Eine Fußbodenheizung, die elektrisch oder mit Warmwasser betrieben wird, ist in vielerlei Hinsicht die ideale Lösung. Die von Ihnen gewählte Fußbodenheizung sollte eine effiziente und gleichmäßige Wärmeverteilung über die gesamte Bodenfläche bieten.

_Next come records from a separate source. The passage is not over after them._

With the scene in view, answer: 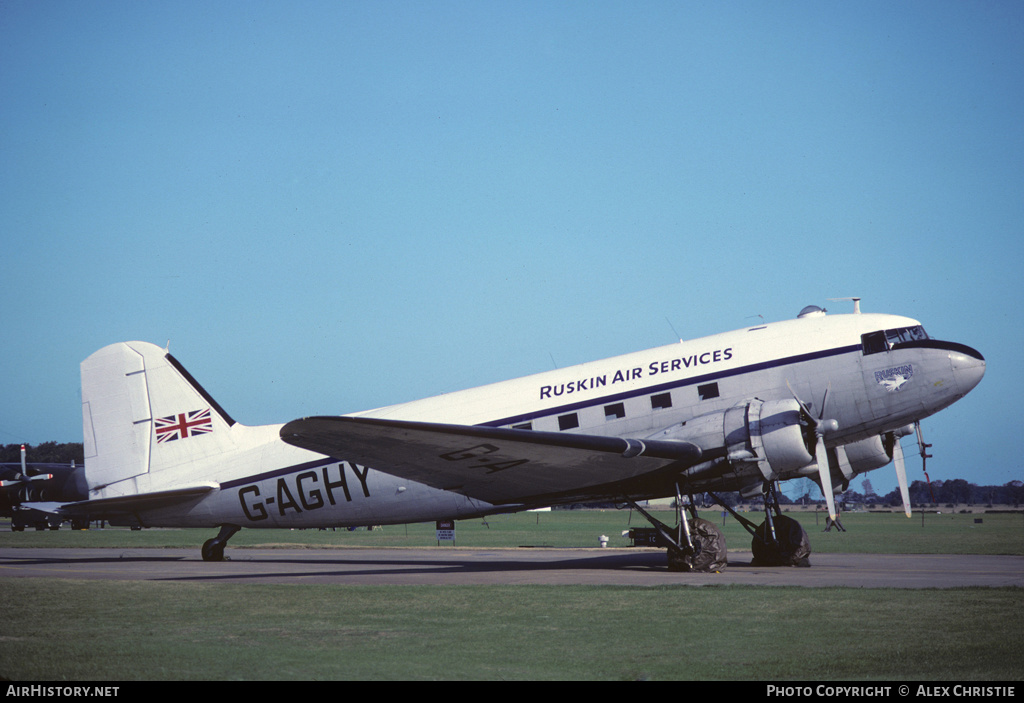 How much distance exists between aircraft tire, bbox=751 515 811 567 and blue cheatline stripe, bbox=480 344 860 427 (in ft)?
13.2

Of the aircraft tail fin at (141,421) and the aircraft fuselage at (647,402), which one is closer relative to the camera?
the aircraft fuselage at (647,402)

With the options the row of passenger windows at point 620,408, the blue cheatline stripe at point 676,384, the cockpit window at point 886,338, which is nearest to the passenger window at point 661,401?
the row of passenger windows at point 620,408

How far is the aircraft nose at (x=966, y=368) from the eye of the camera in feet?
58.4

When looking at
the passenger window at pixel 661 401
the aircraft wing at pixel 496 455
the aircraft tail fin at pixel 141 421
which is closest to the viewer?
the aircraft wing at pixel 496 455

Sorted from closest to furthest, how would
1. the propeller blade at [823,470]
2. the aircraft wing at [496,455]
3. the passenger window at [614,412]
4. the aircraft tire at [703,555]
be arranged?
the aircraft wing at [496,455] < the propeller blade at [823,470] < the aircraft tire at [703,555] < the passenger window at [614,412]

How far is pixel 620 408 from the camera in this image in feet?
62.9

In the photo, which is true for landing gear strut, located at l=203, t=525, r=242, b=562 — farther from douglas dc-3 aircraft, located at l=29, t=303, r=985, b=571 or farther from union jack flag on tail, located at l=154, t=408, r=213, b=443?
union jack flag on tail, located at l=154, t=408, r=213, b=443

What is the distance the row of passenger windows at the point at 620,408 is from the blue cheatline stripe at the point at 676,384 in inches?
4.4

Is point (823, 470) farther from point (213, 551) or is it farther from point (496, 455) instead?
point (213, 551)

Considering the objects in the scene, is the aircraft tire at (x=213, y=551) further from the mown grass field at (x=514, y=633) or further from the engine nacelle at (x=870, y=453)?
the engine nacelle at (x=870, y=453)

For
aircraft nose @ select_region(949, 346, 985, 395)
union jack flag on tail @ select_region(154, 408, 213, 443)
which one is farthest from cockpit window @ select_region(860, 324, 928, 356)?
union jack flag on tail @ select_region(154, 408, 213, 443)

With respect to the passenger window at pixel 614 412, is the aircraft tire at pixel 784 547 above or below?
below

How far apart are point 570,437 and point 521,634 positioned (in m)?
6.43

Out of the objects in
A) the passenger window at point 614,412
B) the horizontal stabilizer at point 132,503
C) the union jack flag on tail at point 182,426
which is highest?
the union jack flag on tail at point 182,426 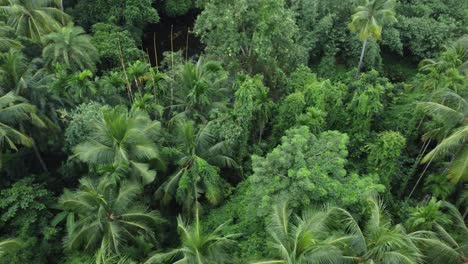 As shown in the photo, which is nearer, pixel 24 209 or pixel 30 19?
pixel 24 209

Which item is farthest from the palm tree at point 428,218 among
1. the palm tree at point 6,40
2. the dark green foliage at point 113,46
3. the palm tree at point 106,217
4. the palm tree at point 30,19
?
the palm tree at point 30,19

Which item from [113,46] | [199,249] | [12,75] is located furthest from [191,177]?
[113,46]

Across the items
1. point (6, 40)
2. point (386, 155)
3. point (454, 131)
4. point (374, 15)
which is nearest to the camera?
point (454, 131)

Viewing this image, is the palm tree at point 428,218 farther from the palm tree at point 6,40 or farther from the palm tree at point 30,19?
the palm tree at point 30,19

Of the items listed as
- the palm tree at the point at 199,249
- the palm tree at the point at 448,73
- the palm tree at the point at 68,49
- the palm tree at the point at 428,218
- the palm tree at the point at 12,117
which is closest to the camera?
the palm tree at the point at 199,249

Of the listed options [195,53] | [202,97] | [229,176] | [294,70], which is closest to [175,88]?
[202,97]

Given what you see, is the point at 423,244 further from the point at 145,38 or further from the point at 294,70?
the point at 145,38

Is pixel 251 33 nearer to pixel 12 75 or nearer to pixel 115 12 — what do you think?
pixel 115 12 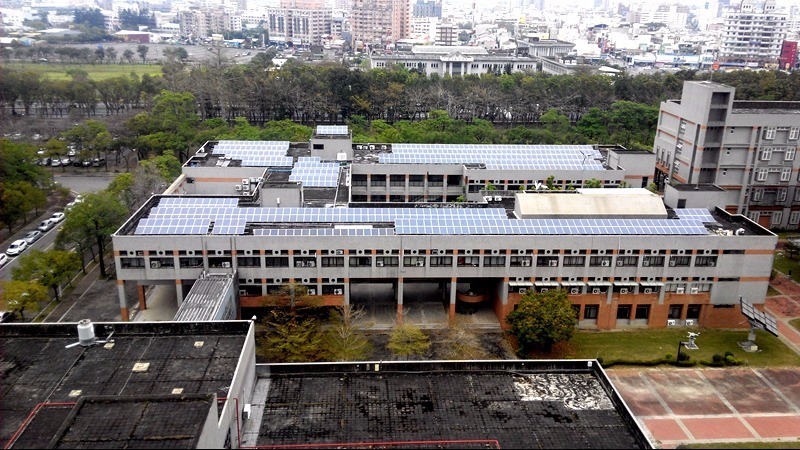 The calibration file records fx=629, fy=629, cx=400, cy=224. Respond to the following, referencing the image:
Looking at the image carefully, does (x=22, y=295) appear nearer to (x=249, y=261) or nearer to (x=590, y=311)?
(x=249, y=261)

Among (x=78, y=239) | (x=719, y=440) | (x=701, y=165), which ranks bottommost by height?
(x=719, y=440)

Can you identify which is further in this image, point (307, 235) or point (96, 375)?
point (307, 235)

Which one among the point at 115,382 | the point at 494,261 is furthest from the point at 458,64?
the point at 115,382

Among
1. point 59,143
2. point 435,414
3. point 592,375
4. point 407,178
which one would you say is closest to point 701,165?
point 407,178

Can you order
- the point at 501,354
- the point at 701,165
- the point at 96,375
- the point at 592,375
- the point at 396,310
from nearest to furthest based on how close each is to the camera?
the point at 96,375, the point at 592,375, the point at 501,354, the point at 396,310, the point at 701,165

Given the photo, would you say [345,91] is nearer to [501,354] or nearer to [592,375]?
[501,354]

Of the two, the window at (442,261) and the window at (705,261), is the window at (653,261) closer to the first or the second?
Result: the window at (705,261)

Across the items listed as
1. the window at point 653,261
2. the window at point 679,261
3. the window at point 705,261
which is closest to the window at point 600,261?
the window at point 653,261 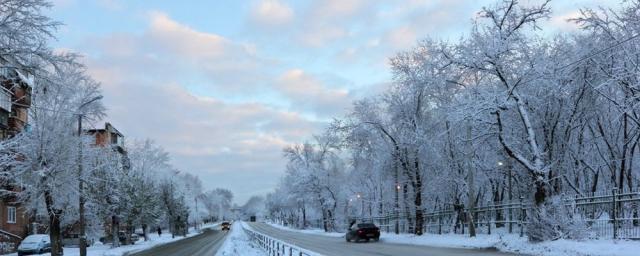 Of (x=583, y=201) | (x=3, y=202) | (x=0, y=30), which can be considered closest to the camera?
(x=0, y=30)

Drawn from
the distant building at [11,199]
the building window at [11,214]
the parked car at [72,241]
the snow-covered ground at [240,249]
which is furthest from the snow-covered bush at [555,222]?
the parked car at [72,241]

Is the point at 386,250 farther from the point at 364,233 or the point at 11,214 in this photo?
the point at 11,214

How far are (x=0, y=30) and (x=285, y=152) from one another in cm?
7936

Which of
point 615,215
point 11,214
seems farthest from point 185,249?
point 615,215

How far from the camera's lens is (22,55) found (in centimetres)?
1755

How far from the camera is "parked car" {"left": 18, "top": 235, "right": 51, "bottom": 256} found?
4531 centimetres

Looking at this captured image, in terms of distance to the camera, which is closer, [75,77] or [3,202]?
[75,77]

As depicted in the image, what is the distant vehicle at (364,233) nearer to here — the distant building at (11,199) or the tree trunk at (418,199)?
the tree trunk at (418,199)

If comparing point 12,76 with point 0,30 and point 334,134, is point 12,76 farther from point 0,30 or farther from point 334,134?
point 334,134

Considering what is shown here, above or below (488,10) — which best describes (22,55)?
below

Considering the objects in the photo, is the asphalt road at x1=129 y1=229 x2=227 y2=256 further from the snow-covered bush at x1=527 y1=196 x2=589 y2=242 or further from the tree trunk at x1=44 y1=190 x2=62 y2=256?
the snow-covered bush at x1=527 y1=196 x2=589 y2=242

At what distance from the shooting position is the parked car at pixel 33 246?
4531 centimetres

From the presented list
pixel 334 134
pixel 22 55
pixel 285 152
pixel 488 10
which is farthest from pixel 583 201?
pixel 285 152

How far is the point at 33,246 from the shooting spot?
1789 inches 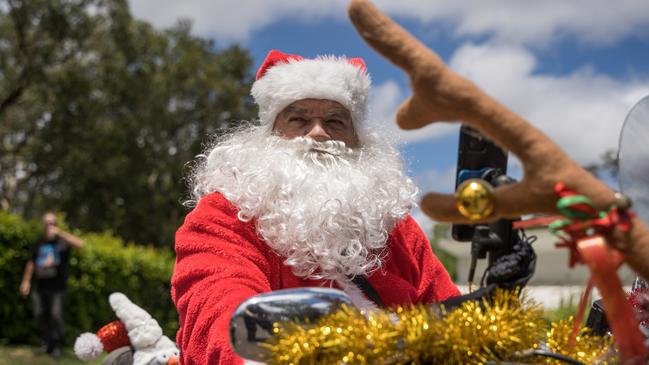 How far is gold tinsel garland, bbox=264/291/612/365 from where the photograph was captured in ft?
3.78

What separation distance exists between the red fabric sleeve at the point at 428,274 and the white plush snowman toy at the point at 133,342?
3.07 feet

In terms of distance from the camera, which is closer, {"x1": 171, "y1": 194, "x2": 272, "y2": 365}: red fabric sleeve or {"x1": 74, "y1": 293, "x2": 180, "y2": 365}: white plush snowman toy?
{"x1": 171, "y1": 194, "x2": 272, "y2": 365}: red fabric sleeve

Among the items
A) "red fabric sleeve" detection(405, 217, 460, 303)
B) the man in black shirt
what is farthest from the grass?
"red fabric sleeve" detection(405, 217, 460, 303)

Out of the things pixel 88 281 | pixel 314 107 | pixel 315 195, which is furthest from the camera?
pixel 88 281

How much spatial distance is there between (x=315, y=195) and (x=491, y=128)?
48.7 inches

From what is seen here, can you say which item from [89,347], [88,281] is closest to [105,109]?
[88,281]

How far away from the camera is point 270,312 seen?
3.86 feet

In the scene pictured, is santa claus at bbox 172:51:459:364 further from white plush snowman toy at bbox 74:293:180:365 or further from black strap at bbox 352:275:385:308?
white plush snowman toy at bbox 74:293:180:365

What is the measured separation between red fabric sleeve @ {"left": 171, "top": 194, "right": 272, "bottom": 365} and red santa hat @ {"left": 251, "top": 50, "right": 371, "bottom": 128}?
55cm

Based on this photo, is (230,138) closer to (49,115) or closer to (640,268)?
(640,268)

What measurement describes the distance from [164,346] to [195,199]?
58 cm

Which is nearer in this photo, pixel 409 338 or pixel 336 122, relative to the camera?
pixel 409 338

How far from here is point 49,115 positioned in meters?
21.5

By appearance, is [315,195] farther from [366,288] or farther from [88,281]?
[88,281] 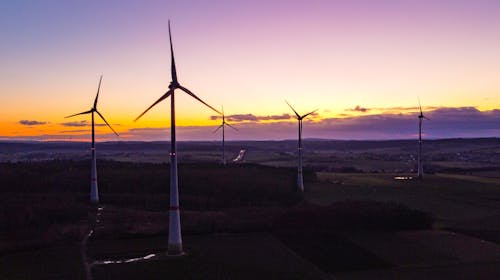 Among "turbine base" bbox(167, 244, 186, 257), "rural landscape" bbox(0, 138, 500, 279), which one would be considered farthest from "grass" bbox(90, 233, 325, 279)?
"turbine base" bbox(167, 244, 186, 257)

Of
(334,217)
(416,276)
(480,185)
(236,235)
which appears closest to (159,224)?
(236,235)

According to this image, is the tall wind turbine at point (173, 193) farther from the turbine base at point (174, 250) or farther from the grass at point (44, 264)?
the grass at point (44, 264)

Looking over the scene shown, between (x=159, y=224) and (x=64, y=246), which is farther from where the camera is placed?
(x=159, y=224)

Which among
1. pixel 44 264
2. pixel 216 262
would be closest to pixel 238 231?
pixel 216 262

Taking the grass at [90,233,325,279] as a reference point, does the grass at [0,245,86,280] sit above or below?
above

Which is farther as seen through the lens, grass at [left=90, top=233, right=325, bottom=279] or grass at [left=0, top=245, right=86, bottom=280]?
grass at [left=90, top=233, right=325, bottom=279]

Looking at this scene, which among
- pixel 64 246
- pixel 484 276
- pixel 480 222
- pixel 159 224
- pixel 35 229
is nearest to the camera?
pixel 484 276

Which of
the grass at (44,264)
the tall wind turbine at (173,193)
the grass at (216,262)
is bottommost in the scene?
the grass at (216,262)

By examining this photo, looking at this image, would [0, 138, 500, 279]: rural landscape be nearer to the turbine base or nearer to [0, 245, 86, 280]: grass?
[0, 245, 86, 280]: grass

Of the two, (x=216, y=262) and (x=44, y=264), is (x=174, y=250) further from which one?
(x=44, y=264)

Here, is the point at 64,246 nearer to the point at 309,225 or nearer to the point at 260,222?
the point at 260,222

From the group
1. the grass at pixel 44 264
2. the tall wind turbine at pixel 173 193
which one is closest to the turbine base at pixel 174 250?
the tall wind turbine at pixel 173 193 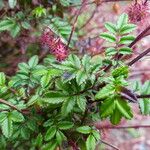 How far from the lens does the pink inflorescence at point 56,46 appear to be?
4.47 ft

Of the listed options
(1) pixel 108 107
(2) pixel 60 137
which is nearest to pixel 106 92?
(1) pixel 108 107

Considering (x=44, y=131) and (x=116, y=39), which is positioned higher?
(x=116, y=39)

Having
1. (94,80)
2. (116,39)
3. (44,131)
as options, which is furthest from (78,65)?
(44,131)

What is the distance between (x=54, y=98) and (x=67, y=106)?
0.15 ft

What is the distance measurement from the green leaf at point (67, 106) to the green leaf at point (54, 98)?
14 mm

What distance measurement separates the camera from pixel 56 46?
1.38 meters

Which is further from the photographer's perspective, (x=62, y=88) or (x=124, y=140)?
(x=124, y=140)

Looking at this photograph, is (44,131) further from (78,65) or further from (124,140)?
(124,140)

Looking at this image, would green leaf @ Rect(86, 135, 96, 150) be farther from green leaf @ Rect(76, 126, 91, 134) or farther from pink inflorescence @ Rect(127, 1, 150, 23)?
pink inflorescence @ Rect(127, 1, 150, 23)

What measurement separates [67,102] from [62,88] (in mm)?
49

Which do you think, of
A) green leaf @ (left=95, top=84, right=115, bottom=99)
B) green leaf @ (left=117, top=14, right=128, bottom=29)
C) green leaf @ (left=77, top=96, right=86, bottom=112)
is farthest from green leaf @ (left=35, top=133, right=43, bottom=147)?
green leaf @ (left=117, top=14, right=128, bottom=29)

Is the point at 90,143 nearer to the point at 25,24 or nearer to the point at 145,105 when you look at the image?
the point at 145,105

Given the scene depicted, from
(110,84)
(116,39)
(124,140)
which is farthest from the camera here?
(124,140)

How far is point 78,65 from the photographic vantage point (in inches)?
48.8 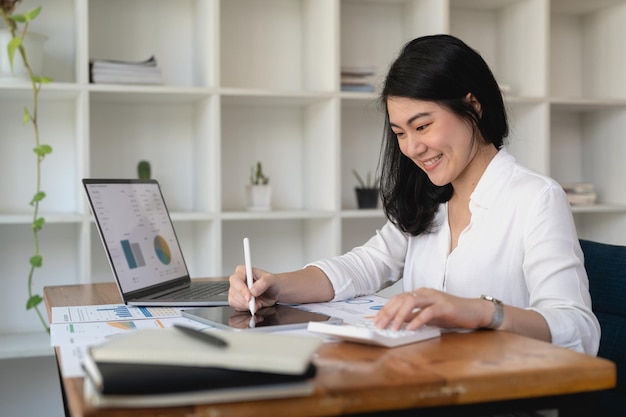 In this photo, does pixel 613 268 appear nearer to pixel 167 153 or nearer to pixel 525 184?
pixel 525 184

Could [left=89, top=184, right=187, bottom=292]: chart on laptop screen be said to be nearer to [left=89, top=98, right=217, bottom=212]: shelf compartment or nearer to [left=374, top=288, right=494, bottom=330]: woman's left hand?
[left=374, top=288, right=494, bottom=330]: woman's left hand

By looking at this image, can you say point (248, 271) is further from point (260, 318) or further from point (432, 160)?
point (432, 160)

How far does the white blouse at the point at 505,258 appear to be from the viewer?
1.34 m

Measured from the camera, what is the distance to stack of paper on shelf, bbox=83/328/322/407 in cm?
76

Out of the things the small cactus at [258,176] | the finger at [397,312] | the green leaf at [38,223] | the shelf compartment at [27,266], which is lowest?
the shelf compartment at [27,266]

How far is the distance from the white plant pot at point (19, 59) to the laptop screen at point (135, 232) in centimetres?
92

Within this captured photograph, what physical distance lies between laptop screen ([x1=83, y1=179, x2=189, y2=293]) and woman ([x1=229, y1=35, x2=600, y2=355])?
13.5 inches

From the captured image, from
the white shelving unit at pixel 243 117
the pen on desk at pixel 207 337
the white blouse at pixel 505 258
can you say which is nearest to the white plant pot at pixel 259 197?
the white shelving unit at pixel 243 117

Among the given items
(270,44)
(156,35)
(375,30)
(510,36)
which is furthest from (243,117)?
(510,36)

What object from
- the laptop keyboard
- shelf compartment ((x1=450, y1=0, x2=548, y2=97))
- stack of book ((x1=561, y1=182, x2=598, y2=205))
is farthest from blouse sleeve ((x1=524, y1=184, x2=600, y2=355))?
stack of book ((x1=561, y1=182, x2=598, y2=205))

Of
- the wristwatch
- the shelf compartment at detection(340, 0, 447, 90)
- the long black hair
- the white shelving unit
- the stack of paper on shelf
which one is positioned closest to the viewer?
the stack of paper on shelf

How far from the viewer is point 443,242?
1.76 meters

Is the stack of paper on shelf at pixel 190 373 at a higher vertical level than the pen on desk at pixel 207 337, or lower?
lower

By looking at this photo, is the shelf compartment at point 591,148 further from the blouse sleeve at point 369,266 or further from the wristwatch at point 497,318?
the wristwatch at point 497,318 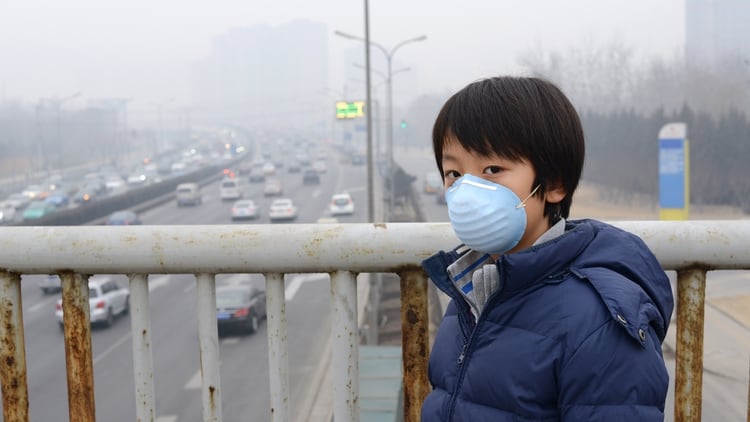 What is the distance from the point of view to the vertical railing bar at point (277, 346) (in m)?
2.07

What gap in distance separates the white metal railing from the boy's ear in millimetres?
409

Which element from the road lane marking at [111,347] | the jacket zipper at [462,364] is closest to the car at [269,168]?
the road lane marking at [111,347]

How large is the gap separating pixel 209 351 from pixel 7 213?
29257 millimetres

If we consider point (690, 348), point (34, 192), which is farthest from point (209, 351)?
point (34, 192)

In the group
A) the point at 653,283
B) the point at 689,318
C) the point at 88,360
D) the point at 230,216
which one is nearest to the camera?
the point at 653,283

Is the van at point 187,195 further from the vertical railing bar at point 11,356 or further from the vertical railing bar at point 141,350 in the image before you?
the vertical railing bar at point 141,350

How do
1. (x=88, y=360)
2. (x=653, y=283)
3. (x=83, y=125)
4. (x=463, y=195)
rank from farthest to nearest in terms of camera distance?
1. (x=83, y=125)
2. (x=88, y=360)
3. (x=463, y=195)
4. (x=653, y=283)

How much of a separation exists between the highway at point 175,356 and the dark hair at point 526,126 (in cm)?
377

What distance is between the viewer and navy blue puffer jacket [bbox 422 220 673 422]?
135 cm

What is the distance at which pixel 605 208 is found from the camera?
35.0 metres

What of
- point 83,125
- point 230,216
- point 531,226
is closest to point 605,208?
point 230,216

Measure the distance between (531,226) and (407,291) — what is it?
1.67 ft

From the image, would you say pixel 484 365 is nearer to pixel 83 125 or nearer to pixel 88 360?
pixel 88 360

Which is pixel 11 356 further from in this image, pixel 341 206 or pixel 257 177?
pixel 257 177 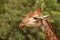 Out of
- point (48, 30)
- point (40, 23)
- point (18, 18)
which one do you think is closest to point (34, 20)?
point (40, 23)

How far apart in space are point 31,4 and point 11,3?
50 centimetres

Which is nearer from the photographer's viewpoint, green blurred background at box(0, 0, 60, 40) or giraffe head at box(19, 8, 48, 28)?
giraffe head at box(19, 8, 48, 28)

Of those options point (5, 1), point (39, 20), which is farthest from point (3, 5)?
point (39, 20)

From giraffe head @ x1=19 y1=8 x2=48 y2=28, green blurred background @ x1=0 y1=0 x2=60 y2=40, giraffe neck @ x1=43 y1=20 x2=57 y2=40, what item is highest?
giraffe head @ x1=19 y1=8 x2=48 y2=28

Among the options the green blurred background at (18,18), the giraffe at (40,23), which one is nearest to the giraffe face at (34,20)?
the giraffe at (40,23)

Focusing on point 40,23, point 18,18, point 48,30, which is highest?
point 40,23

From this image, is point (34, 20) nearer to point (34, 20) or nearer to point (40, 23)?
point (34, 20)

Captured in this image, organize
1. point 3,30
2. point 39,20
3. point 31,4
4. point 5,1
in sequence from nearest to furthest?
1. point 39,20
2. point 3,30
3. point 31,4
4. point 5,1

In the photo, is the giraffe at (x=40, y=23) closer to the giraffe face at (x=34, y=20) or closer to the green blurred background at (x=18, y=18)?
the giraffe face at (x=34, y=20)

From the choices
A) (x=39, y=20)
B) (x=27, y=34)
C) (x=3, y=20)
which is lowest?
(x=27, y=34)

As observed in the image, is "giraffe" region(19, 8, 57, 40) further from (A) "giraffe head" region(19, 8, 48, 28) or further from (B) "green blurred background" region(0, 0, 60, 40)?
(B) "green blurred background" region(0, 0, 60, 40)

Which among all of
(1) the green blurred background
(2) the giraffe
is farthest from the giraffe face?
(1) the green blurred background

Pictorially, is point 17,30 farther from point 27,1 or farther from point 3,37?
point 27,1

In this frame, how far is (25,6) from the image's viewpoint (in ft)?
20.3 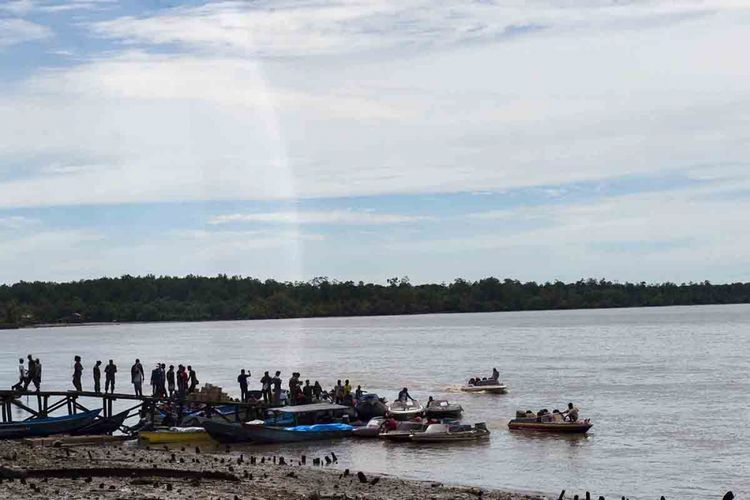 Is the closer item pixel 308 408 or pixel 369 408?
pixel 308 408

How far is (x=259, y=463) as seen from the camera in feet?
102

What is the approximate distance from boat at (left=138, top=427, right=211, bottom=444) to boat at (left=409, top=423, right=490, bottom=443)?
7398 millimetres

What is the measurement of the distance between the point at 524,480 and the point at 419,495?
300 inches

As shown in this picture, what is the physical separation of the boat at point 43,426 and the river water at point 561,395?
7.58 m

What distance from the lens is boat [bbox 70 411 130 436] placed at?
128ft

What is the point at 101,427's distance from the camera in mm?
39594

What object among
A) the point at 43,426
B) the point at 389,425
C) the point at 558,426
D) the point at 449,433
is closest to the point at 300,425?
the point at 389,425

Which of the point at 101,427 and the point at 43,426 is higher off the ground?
the point at 43,426

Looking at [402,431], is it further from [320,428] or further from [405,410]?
[405,410]

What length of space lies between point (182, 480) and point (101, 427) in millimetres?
14622

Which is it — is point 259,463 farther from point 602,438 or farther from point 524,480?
point 602,438

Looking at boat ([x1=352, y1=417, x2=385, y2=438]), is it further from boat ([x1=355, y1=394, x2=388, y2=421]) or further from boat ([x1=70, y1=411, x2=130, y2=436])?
boat ([x1=70, y1=411, x2=130, y2=436])

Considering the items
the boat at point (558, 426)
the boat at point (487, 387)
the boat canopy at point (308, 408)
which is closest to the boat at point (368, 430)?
the boat canopy at point (308, 408)

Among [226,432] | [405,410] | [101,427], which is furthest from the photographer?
[405,410]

Die Oberflächentemperatur des Fußbodens darf 27 °C nie übersteigen. Dies gilt auch für Bereiche in der Nähe von Heizkörpern und -elementen sowie unter Teppichen, Möbeln usw. Bei einer geeigneten Einrichtung mit wenigen oder nicht zu dicken Teppichen ist eine Temperatur von 23 °C auf den freien Bodenflächen angemessen, sodass sich eine Raumtemperatur von ca. 21 °C ergibt. Das setzt natürlich voraus, dass der Raum einen normalen Heizbedarf hat, d. h. dass Dichtungen, Isolierungen, Fenster usw. dem vorgeschriebenen Standard entsprechen. Es sollten besondere Vorkehrungen getroffen werden, damit die Temperatur niemals die Obergrenze überschreitet und die vom Anbieter der Heizanlage empfohlenen Installationsanweisungen befolgt werden.

Warnhinweise

Böden mit Fußbodenheizung reagieren empfindlicher auf Feuchtigkeit als andere Böden. Das hängt damit zusammen, dass der Unterschied im Feuchtigkeitsgehalt zwischen den trockensten und feuchtesten Teilen des Bodens mit der Zeit zunimmt. Fußbodenheizungen können die Austrocknung noch verstärken, sodass sich das Holz zusammenzieht und schrumpft. In einem trockenen, kalten Klima muss damit gerechnet werden, dass sich von Zeit zu Zeit Fugen bilden. Für Böden mit Fußbodenheizung empfehlen wir Kährs Original 15 mm Parkett oder Kährs Linnea 7 mm mit Woodloc®- oder Woodloc® 5S-Verriegelungen. Kährs Original und Kährs Linnea senken das Risiko der Fugenbildung.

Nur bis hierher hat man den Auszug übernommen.